§ Given data
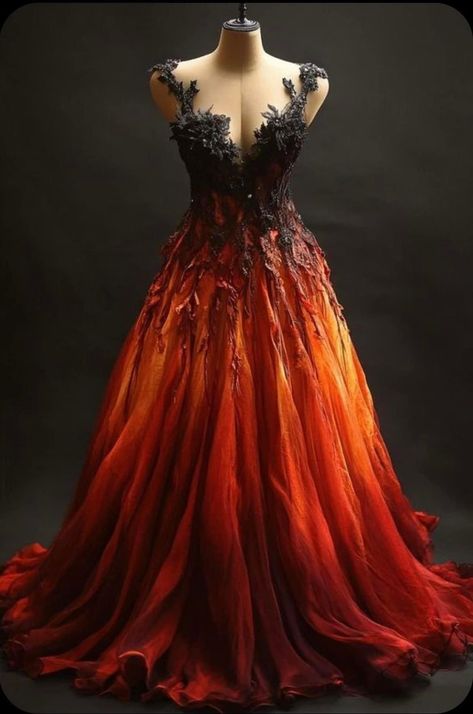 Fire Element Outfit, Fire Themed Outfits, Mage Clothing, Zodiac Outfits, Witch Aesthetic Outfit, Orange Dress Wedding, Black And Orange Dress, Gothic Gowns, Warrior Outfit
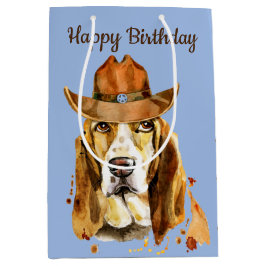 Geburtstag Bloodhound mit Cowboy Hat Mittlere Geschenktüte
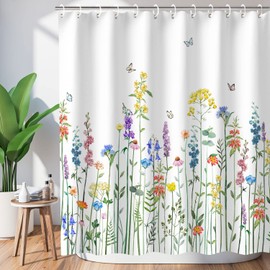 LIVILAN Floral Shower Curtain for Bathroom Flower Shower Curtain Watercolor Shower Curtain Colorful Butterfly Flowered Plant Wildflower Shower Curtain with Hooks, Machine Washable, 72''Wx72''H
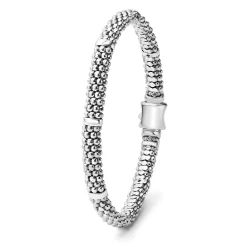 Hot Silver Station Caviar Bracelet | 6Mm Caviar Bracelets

§ Exercise requirements
The answer is every line of the data, exactly as written, with the pictures dropped.

§ Worked solution
 Fire Element Outfit, Fire Themed Outfits, Mage Clothing, Zodiac Outfits, Witch Aesthetic Outfit, Orange Dress Wedding, Black And Orange Dress, Gothic Gowns, Warrior Outfit
 Geburtstag Bloodhound mit Cowboy Hat Mittlere Geschenktüte
 LIVILAN Floral Shower Curtain for Bathroom Flower Shower Curtain Watercolor Shower Curtain Colorful Butterfly Flowered Plant Wildflower Shower Curtain with Hooks, Machine Washable, 72''Wx72''H
 Hot Silver Station Caviar Bracelet | 6Mm Caviar Bracelets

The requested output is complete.